California Rangeland Trust is a conservation nonprofit organization founded in 1998. The Rangeland Trust claims to be the largest land trust in California, having conserved over 421,000 acre of rangeland on 100 ranches across 26 counties.

The Rangeland Trust remains focused on the quality standards of professional practices and is a Land Trust Alliance accredited organization. In California, there are over 22 e6acre of privately owned rangeland. The Rangeland Trust is actively looking for funding sources for the over 400000 acre of rangeland on the waiting list.

The Rangeland Trust uses conservation easements as a tool to conserve rangeland properties. Working in close partnership with each property owner, the Rangeland Trust develops a customized legal agreement that inventories the land's agricultural, scenic, historical, and wildlife values and seeks to maintain the highest standards of animal husbandry and food production in a setting that sustains agriculture and habitat.

==History==

Steve Sinton was the Rangeland Trust's founding chairman. A graduate of Stanford University and the University of Colorado Law School, Stinton practiced water and environmental law in Sacramento, California and San Luis Obispo County for fifteen years before retiring to operate two family cattle ranches with his father and manage several commercial buildings in the City of San Luis Obispo. The Sinton family also operates a 120 acre vineyard.

==Notable ranches==

Notable ranches in the Trust's portfolio include:

- Yolo Land & Cattle Co., Yolo County
Yolo Land & Cattle Co. placed 6983 acre into a conservation easement on March 25, 2005. This cattle ranch, located in the inner-coastal rangeland of the Blue Ridge Berryessa Natural Area, contains ponds, wetlands, streams and open spaces that provide habitat for many types of plants and wildlife.

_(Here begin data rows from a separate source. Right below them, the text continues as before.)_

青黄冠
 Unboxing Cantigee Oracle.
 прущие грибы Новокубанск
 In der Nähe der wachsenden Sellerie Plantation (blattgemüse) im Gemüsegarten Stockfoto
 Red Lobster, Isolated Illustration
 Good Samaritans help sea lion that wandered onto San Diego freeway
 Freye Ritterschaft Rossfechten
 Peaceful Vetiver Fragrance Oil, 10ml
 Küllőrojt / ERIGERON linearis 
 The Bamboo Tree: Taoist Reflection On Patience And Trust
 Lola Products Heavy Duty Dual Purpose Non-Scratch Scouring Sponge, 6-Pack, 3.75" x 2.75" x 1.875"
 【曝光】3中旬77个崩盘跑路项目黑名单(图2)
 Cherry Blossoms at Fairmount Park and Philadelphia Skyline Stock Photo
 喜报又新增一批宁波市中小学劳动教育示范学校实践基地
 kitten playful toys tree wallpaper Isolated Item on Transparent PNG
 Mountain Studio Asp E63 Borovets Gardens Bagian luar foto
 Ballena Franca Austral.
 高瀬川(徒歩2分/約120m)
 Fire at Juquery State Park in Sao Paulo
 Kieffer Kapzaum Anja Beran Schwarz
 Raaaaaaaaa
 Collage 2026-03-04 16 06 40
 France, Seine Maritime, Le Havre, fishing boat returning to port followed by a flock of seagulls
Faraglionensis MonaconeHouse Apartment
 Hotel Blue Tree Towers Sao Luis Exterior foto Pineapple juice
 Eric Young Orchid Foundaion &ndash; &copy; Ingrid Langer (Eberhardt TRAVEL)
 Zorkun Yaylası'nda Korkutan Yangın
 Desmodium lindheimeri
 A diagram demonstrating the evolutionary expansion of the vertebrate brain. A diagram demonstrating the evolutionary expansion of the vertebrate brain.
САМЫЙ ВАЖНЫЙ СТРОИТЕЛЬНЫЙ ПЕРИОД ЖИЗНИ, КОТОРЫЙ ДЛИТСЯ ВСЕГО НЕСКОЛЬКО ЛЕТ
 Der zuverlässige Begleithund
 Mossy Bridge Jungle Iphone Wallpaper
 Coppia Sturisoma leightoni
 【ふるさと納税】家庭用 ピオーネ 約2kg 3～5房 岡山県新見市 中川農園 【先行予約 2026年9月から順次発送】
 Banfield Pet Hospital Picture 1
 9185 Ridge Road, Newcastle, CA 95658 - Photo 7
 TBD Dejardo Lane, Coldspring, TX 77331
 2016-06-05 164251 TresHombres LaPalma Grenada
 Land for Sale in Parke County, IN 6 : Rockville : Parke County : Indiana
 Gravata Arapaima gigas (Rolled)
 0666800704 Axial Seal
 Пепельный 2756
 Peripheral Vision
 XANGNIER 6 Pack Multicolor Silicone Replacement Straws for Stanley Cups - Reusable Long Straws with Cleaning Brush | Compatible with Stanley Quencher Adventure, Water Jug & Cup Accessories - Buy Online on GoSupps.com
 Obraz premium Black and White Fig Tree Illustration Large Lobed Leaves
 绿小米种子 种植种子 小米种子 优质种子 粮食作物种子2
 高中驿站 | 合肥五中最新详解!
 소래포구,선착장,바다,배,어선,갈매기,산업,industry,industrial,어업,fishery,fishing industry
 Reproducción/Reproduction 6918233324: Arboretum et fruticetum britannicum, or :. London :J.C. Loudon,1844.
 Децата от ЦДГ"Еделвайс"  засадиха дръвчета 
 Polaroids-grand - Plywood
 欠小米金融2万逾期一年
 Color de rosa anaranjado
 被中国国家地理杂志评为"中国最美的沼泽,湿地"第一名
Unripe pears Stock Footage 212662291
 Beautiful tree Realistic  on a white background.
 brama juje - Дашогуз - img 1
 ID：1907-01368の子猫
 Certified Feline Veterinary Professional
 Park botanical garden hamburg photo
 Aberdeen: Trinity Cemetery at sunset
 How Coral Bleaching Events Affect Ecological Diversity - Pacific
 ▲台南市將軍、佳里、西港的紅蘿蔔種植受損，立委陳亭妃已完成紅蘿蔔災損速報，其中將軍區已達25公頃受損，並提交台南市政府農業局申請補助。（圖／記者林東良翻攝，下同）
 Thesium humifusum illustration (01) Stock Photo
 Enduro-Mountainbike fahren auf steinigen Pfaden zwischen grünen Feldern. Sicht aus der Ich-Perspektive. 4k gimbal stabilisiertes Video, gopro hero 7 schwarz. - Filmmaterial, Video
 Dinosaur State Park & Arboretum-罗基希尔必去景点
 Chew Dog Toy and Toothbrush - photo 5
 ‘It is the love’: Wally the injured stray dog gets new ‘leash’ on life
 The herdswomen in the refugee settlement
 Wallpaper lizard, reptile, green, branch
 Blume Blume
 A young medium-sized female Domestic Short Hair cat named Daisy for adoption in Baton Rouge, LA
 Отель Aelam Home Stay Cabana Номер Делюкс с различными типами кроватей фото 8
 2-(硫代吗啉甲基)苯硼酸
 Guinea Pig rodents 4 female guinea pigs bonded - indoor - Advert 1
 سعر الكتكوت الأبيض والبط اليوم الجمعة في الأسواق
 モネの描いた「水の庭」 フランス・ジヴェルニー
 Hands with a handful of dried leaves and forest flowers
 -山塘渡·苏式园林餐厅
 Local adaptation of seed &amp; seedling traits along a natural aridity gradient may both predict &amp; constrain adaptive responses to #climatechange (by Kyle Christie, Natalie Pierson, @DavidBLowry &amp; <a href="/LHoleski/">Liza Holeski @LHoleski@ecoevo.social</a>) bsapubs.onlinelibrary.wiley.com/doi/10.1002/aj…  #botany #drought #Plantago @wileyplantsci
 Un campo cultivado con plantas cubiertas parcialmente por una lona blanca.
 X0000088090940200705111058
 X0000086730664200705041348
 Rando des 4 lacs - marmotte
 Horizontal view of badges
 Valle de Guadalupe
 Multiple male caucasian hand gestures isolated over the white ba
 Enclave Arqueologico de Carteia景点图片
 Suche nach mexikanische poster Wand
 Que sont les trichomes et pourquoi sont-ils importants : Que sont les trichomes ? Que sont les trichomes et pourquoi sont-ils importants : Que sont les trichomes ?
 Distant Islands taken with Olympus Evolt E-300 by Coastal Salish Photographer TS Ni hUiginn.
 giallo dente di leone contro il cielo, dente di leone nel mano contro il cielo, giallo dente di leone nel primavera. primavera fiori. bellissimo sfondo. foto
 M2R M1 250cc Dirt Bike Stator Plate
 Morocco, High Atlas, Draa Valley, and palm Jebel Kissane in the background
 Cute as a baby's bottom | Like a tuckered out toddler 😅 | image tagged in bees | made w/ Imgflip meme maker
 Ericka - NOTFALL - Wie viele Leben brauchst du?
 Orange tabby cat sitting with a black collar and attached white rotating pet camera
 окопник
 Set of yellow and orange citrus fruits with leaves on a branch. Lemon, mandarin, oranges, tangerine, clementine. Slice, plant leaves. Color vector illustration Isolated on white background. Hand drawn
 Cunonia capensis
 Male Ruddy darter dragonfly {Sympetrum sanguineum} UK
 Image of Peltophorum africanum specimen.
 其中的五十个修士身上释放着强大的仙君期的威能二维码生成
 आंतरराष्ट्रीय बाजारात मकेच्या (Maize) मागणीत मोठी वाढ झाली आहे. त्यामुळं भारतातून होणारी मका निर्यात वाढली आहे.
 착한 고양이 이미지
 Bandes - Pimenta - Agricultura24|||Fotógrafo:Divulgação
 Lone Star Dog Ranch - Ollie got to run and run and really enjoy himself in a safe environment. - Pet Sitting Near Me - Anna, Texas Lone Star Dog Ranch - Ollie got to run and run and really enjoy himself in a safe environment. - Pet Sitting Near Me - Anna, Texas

- Ecker Ranch, Madera County
Ecker Ranch, a 1080 acre ranch is now protected by an agricultural easement.

- Tejon Ranch, Kern County
In 2000, California Rangeland Trust accepted the donation of a 1122 acre easement as mitigation for a commercial development located in the northwest corner of Tejon Ranch. As a condition of approval for the development, Tejon Ranch Company donated an easement on nearby grazing land in order to protect the habitat for the San Joaquin kit fox and blunt-nosed leopard lizard.

- Hearst Ranch, San Luis Obispo County
In 2005, the Hearst Corporation, American Land Conservancy, California Rangeland Trust, and the State of California completed a comprehensive conservation project that permanently protects the 128 sqmi Hearst Ranch. A major component of the project is the conservation easement restricting future development on 80000 acre. The Hearst ranch is the largest privately owned working cattle ranch remaining on the California Coast. The conservation easement ensures that the scenic, open space, agricultural and natural resource values of the ranch are preserved. California Rangeland Trust holds, monitors and enforces the conservation easement.

- San Lucas Ranch, Santa Barbara County
A conservation easement agreement was placed on December 27, 2007. Originally part of the historic Spanish land grant, Rancho Cañada de los Pinos, the owners purchased San Lucas Ranch in 1924. This donated easement on 1534 acre of the working ranch preserves a piece of California's western heritage and habitat resources. It is part of a much larger unified ecological landscape which includes scenic mountain and riparian views of the Santa Ynez Valley and the surrounding mountain ranges. A primary value of this property is the Valley Oak savannah and grasslands that once covered most of the valley.

- V6 Ranch, Fresno and Monterey Counties
In March 2001, a conservation easement protected the entire 17000 acre ranch of John and Zee Varian near Parkfield, California that is part of the Diablo Range Project. The property is in one of the most productive grazing regions in the state and includes significant oak woodlands and other unique and important natural values.